Start of RECORDED INFORMATION
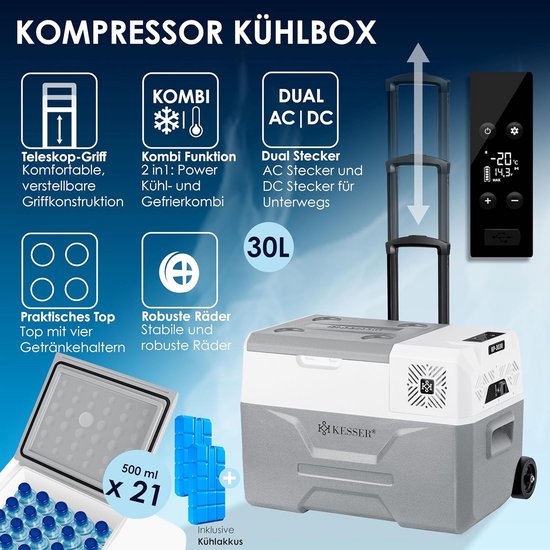 Elektrische Koelbox 30 Liter met App-bediening en USB - Ideaal voor Auto, Vrachtwagen, Boot en Camping — afbeelding 4
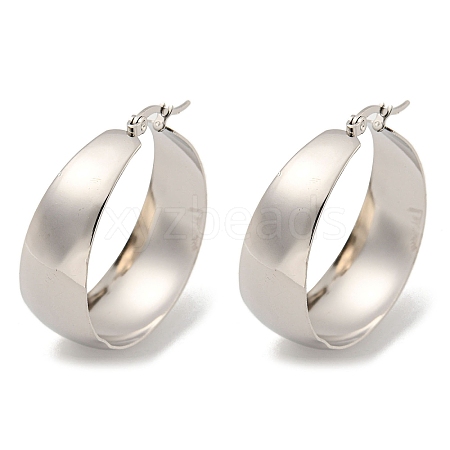 Tarnish Resistant 202 Stainless Steel Hoop Earring EJEW-H003-09P-02-1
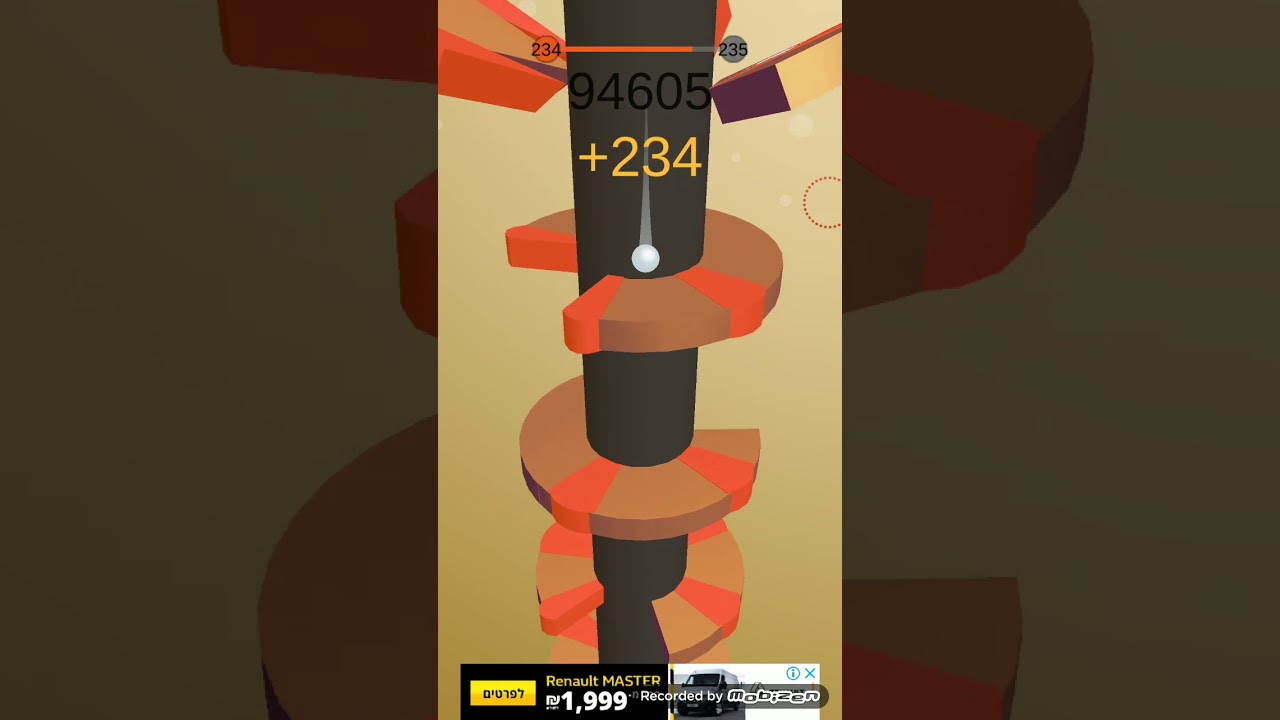 120,000 score on helix jump! (Almost world record)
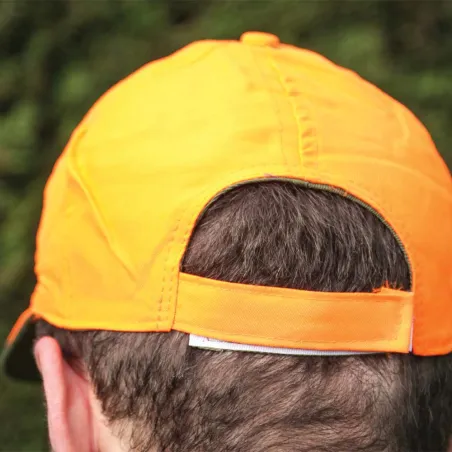 Casquette réversible kaki/orange pour la chasse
End of RECORDED INFORMATION
» **WORK TO BE COMPLETED**
Omit all pictures, and repeat exactly the lines from the line containing "120,000 score on" through the end of the data.

» **RESPONSE TO THIS TASK**
 120,000 score on helix jump! (Almost world record)
 Casquette réversible kaki/orange pour la chasse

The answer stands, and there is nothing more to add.